License: CC BY-NC 4.0
Published Online: 18-01-2021
Copyright Statement: Copyright © 2021; Jaypee Brothers Medical Publishers (P) Ltd.
Introduction: This study was conducted to assess fluid responsiveness in critically ill patients to avoid various complications of fluid overload. Material and methods: This study was done in an ICU of a tertiary care hospital after approval from the institute ethical committee over 18 months.

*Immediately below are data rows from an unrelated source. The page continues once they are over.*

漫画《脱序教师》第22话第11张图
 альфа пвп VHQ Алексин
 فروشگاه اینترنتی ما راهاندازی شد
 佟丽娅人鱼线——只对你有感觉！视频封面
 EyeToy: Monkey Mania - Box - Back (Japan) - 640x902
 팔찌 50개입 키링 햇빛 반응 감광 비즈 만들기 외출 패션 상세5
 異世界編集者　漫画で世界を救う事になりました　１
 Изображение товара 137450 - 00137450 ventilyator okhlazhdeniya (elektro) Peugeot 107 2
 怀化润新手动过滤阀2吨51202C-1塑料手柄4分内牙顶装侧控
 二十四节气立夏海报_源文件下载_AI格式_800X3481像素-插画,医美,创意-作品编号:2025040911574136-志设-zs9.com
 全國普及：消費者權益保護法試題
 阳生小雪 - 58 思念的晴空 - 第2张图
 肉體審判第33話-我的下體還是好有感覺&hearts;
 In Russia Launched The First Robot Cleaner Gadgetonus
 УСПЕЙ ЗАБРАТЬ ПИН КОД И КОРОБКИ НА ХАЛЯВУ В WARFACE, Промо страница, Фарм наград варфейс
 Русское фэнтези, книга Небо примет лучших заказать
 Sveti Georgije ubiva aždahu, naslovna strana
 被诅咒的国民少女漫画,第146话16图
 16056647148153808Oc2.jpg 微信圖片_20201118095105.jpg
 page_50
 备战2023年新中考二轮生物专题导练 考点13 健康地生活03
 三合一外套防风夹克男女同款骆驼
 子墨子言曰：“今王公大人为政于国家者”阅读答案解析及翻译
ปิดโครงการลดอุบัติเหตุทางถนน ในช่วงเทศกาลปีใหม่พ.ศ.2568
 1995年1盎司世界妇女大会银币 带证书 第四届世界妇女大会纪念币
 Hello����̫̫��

A total of 54 consenting adult patients were included in the study. Patients were hemodynamically unstable requiring mechanical ventilation, had acute circulatory failure, or those with at least one clinical sign of inadequate tissue perfusion. All patients were ventilated using tidal volume of 6–8 mL/kg, RR—12–15/minutes, positive end expiratory pressure (PEEP)—5 cm of water, and plateau pressure was kept below 30 cm water. They were sedated throughout the study. The arterial line and the central venous catheter were placed and connected to Vigileo-FloTrac transducer (Edward Lifesciences). Patients were classified into responder and nonresponder groups on the basis of the cardiac index (CI) after fluid challenge of 10 mL/kg of normal saline over 30 minutes. Pulse pressure variation (PPV), stroke volume variation (SVV), and systolic pressure variation (SPV) were assessed and compared at baseline, 30 minutes, and 60 minutes. Results: In our study we found that PPV and SVV were significantly lower among responders than nonresponders at 30 minutes and insignificant at 60 minutes. Stroke volume variation was 10.28 ± 1.76 in the responder compared to 12.28 ± 4.42 (p = 0.02) at 30 minutes and PPV was 15.28 ± 6.94 in responders while it was 20.03 ± 4.35 in nonresponders (p = 0.01). We found SPV was insignificant at all time periods among both groups. Conclusion: We can conclude that initial assessment for fluid responsiveness in critically ill mechanically ventilated patients should be based on PPV and SVV to prevent complications of fluid overload and their consequences.